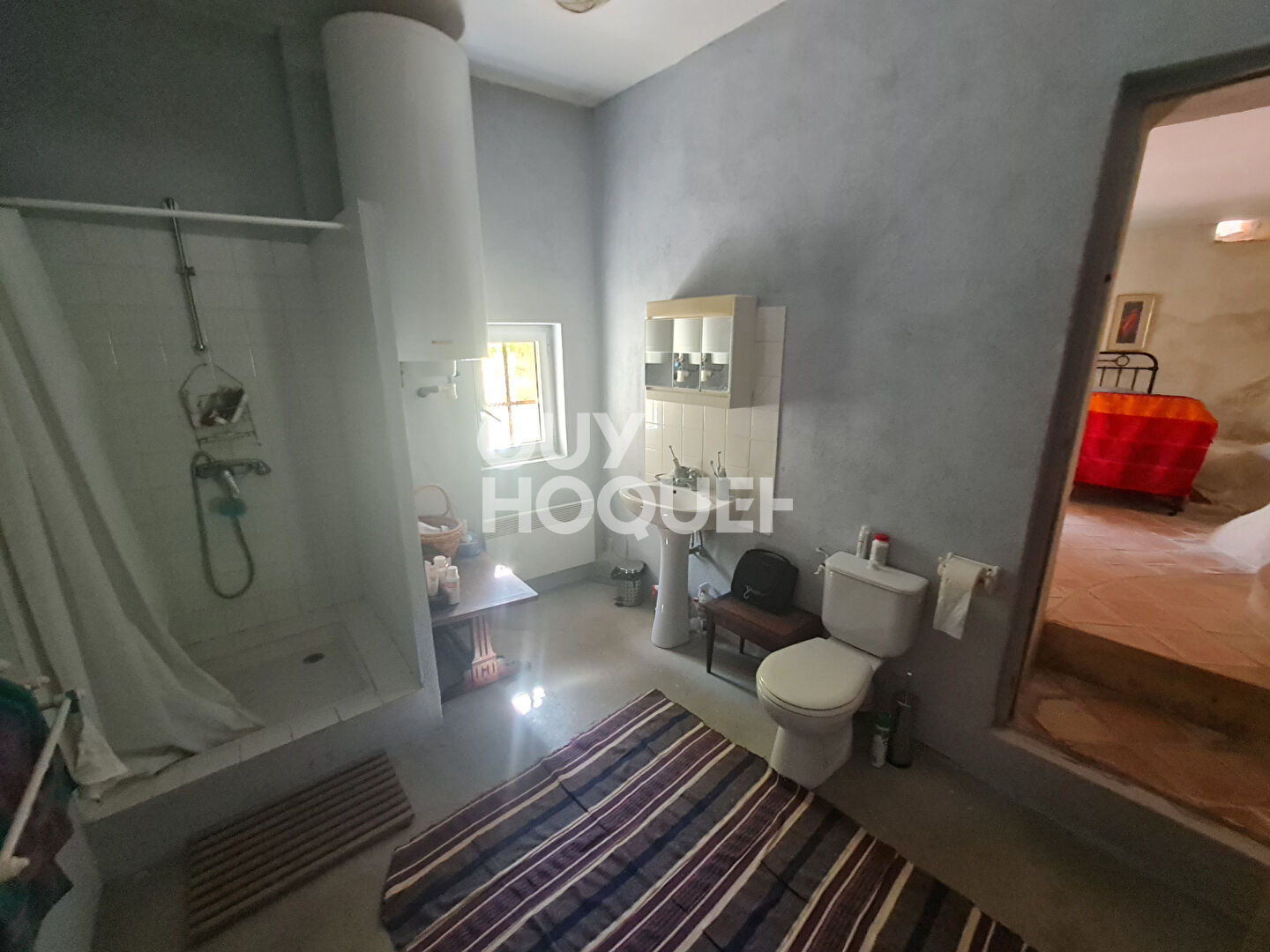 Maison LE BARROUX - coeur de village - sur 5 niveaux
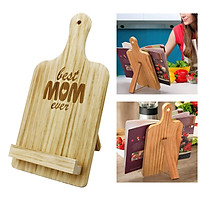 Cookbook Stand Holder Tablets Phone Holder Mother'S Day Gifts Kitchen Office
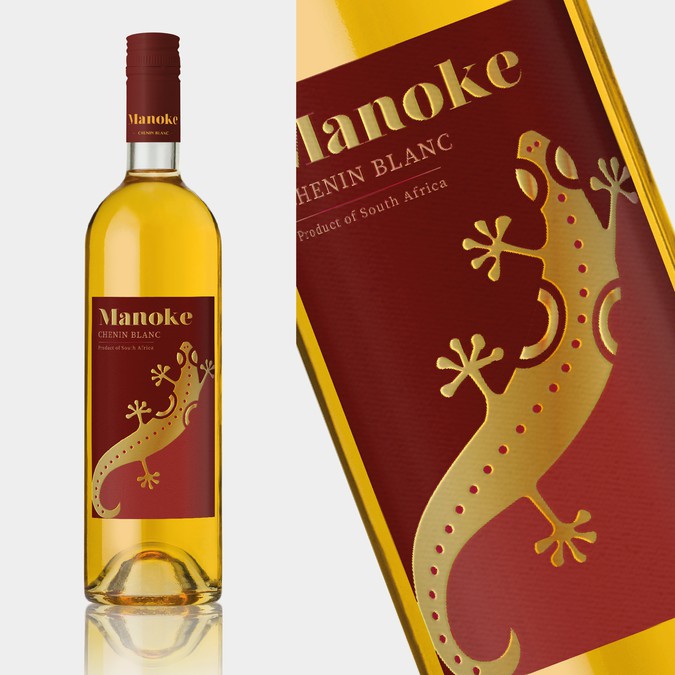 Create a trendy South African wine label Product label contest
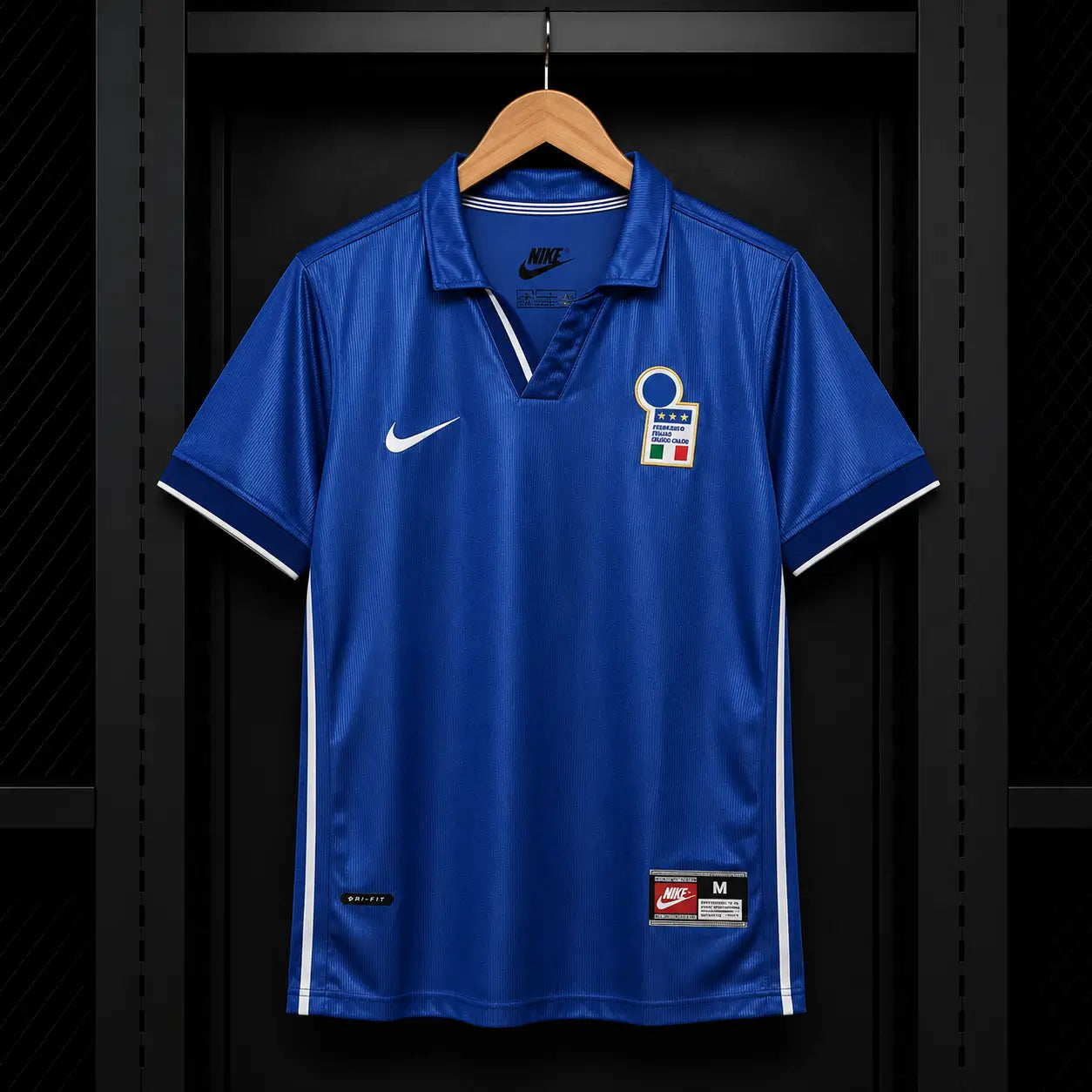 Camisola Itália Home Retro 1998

PROBLEM DESCRIPTION -> Your copy must consist solely of the lines from the one containing "Cookbook Stand Holder" through the final line of the material above, transcribed exactly, with the pictures left out.

RESULT ->
 Cookbook Stand Holder Tablets Phone Holder Mother'S Day Gifts Kitchen Office
 Create a trendy South African wine label Product label contest
 Camisola Itália Home Retro 1998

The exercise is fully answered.